*THE PROBLEM*:
From the line with "ira Katzker - @ira.katzker - TikTok" through the last line of the records below, both ends included, transcribe only those lines, exactly, and omit the pictures.

*DATASET RECORDS*:
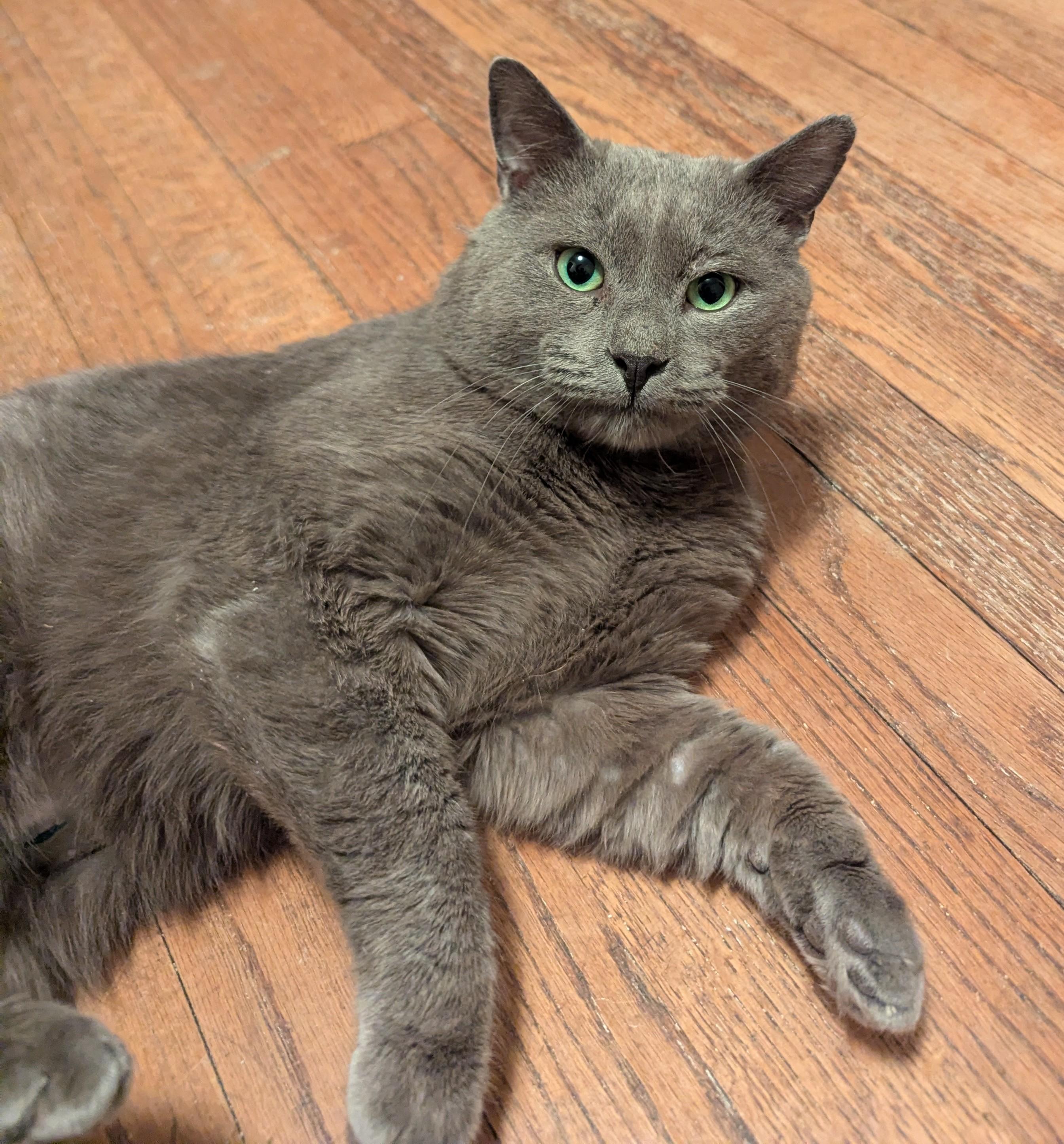 Enlarge Sterling ** Beautiful Eyes **, a Adoptable mixed breed in Livonia, MI image 3/6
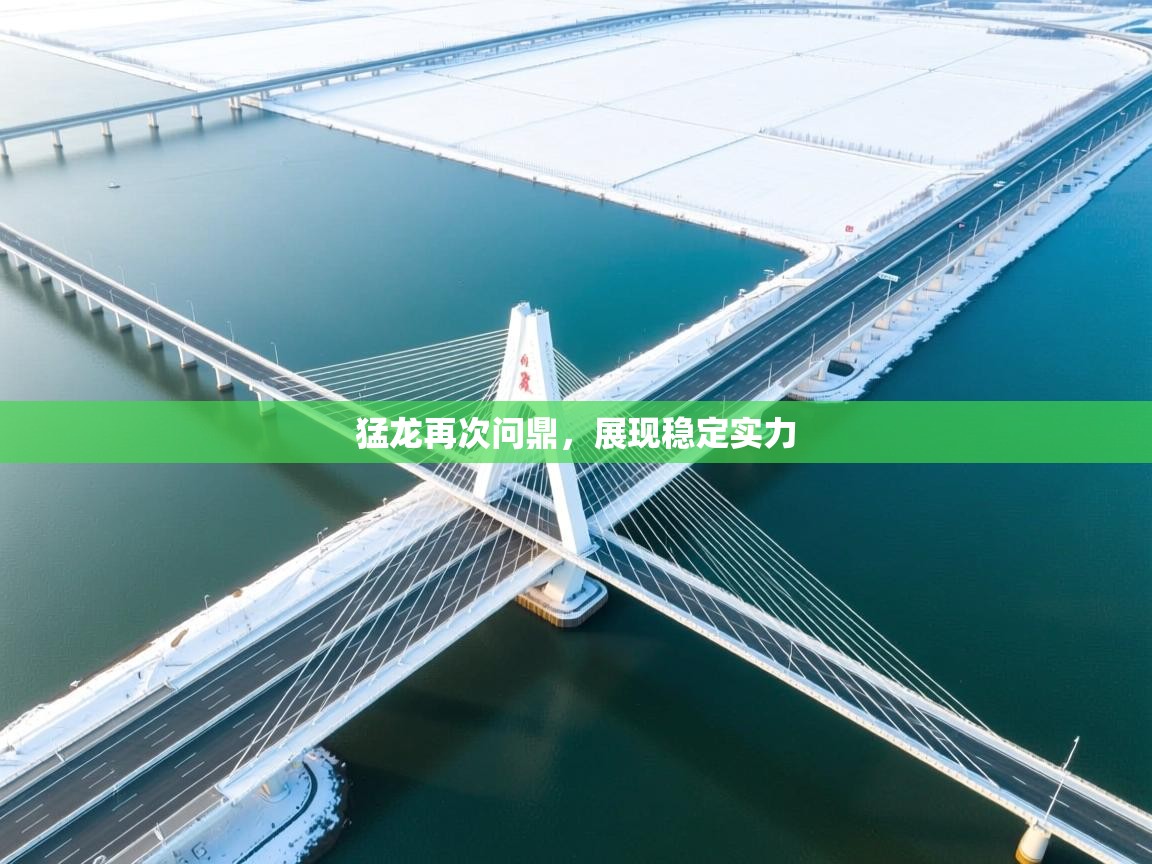 猛龙再次问鼎，展现稳定实力  第1张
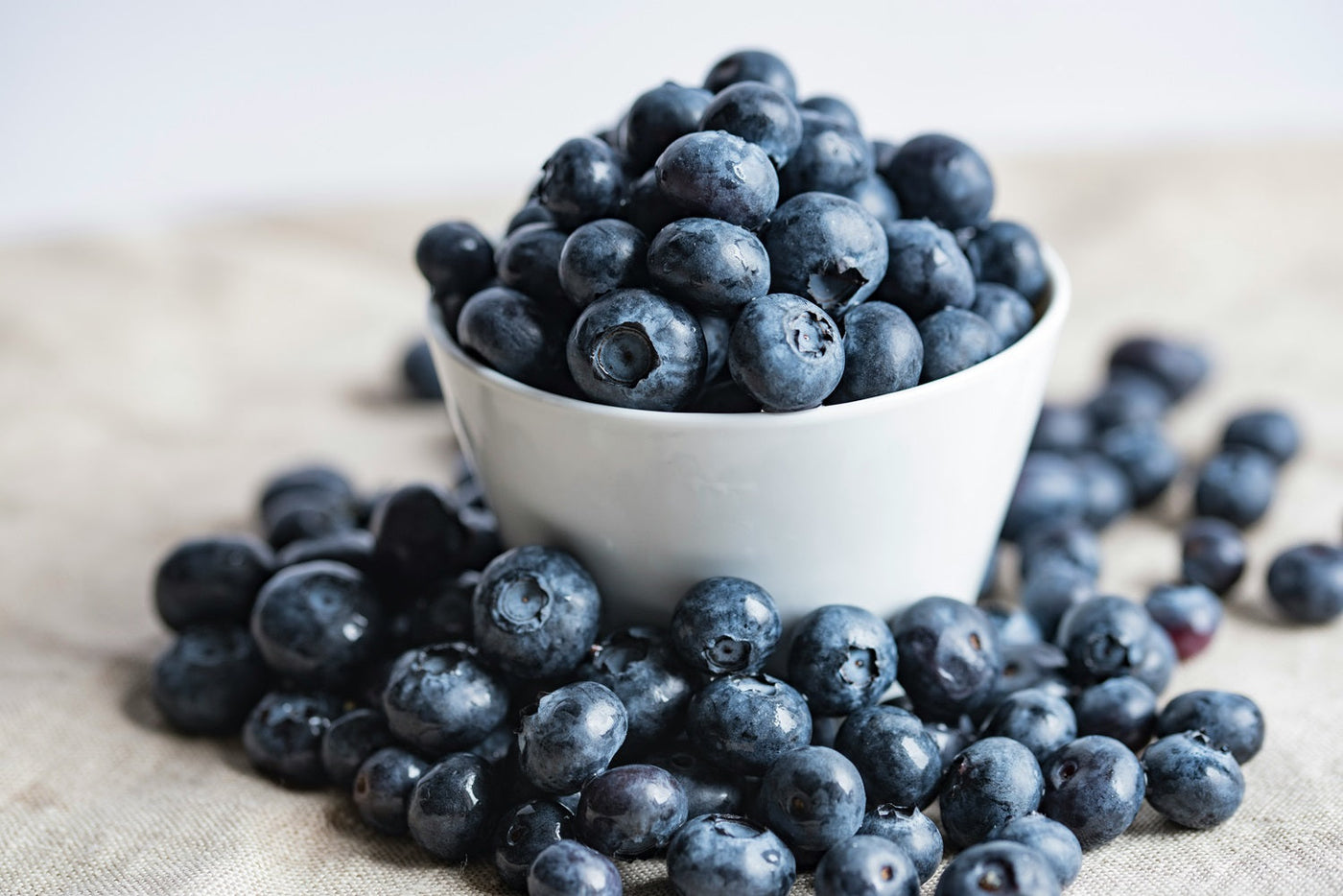 Exploring Unique Blueberry Flavoring Recipes for Your Business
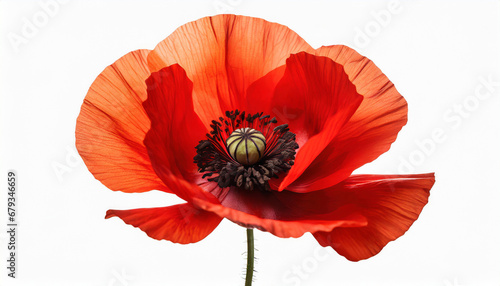 red poppy flower isolated on white background remembrance day in canada photo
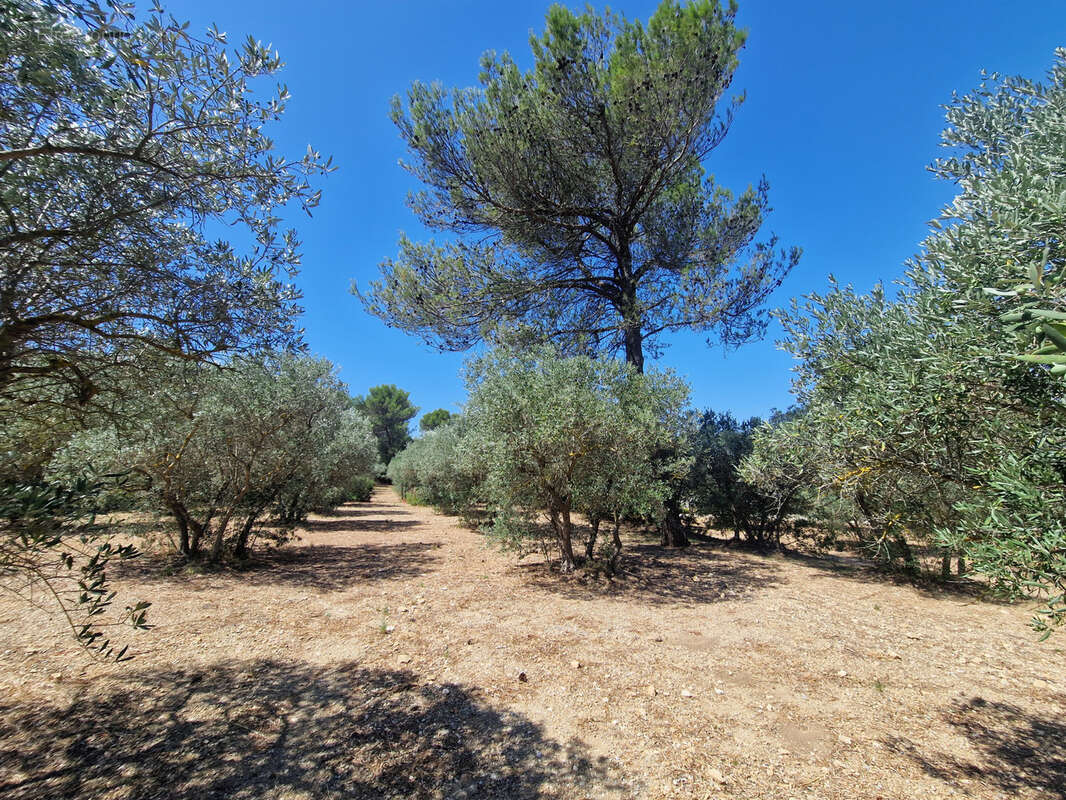 Terrain à CAVAILLON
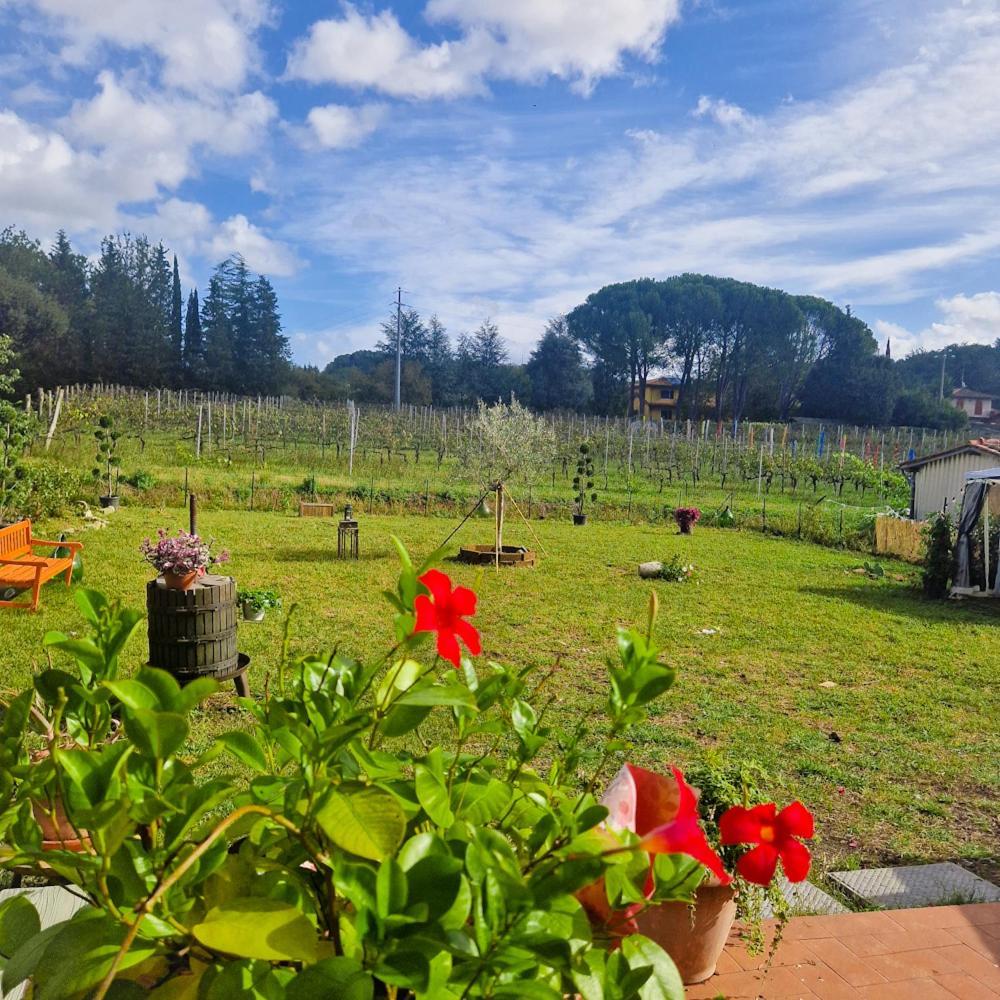 Wine House Bed and Breakfast Capannori Εξωτερικό φωτογραφία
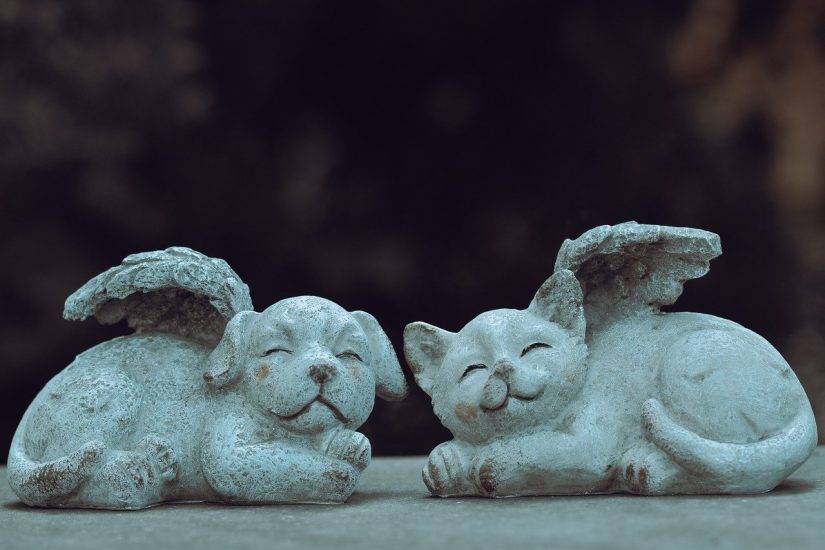 cat and dog angel statues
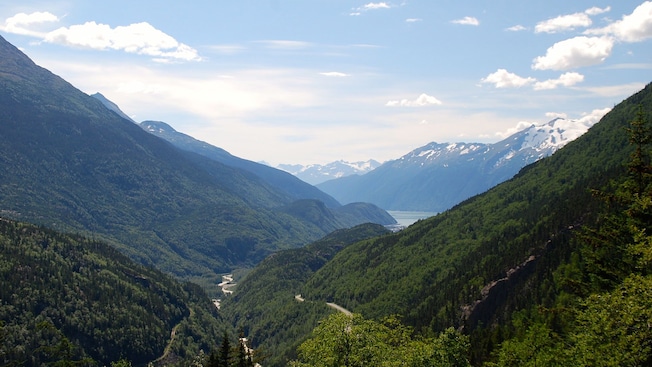 A verdant valley with snow capped mountains in the background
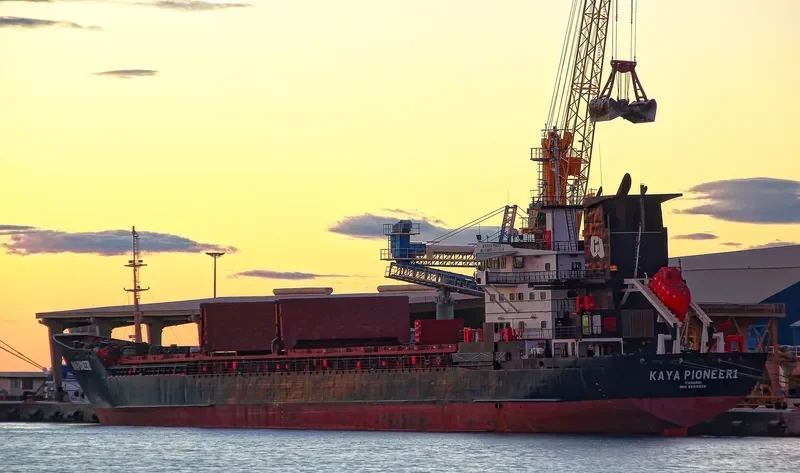 KAYA PIONEER 1 General Cargo IMO 8609929 photo 2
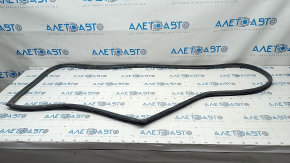 Subaru b10 Tribeca rear left door seal
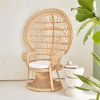 Vintage rotan fauteuil, B 110 x D 60 x H 150cm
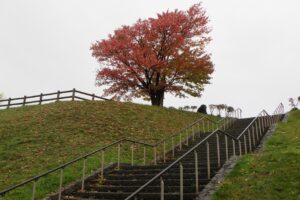 旭山の紅葉2025年10月25日3展望台一本桜と展望台階段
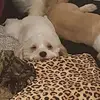 ira Katzker - @ira.katzker - TikTok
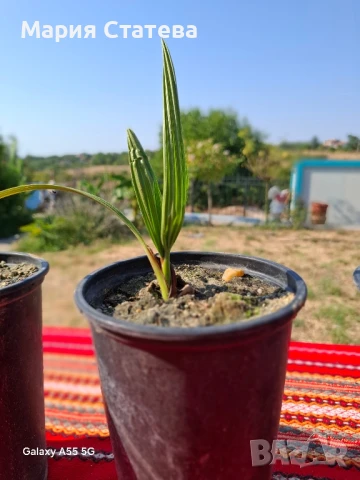 Палми от производител, снимка 9 - Стайни растения - 51037174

*PROBLEM SOLUTION*:
 ira Katzker - @ira.katzker - TikTok
 Палми от производител, снимка 9 - Стайни растения - 51037174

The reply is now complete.